BEGIN

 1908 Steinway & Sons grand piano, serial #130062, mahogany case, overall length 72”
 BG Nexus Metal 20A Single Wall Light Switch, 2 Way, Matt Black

END
BEGIN

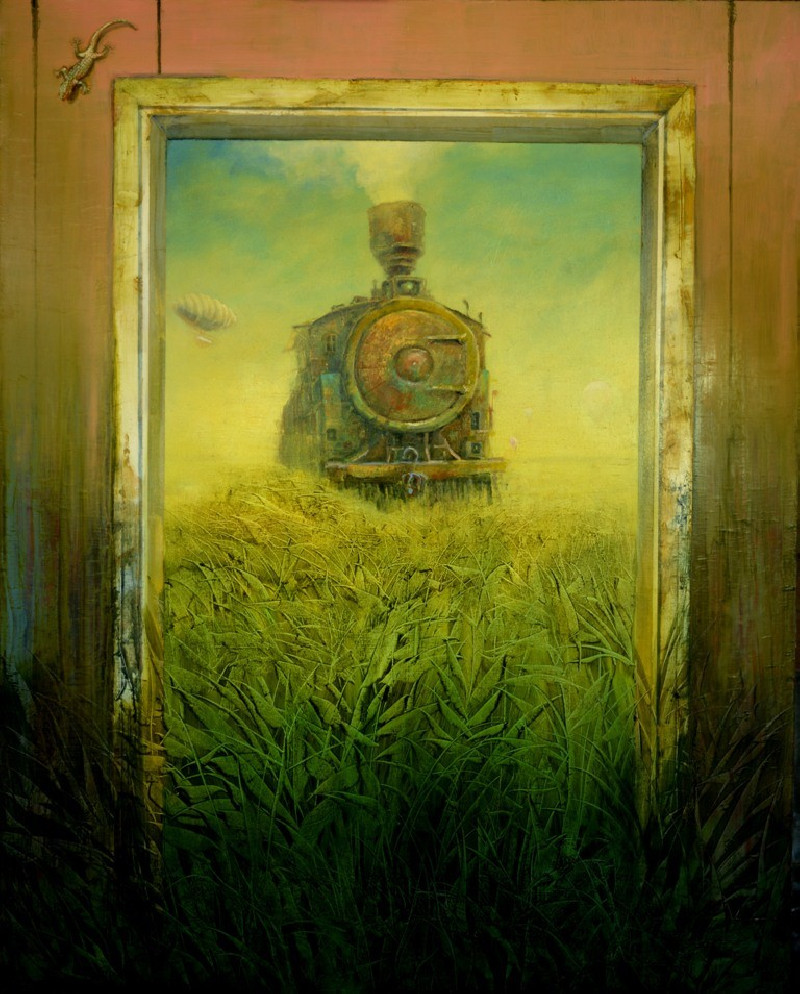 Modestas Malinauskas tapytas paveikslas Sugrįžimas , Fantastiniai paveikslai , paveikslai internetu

END

* [Directions]: The response should hold exactly the lines starting at the line with "1908 Steinway &" and ending at the line with "BG Nexus Metal", and no other line of the material above.

* [Your response]:
 1908 Steinway & Sons grand piano, serial #130062, mahogany case, overall length 72”
 BG Nexus Metal 20A Single Wall Light Switch, 2 Way, Matt Black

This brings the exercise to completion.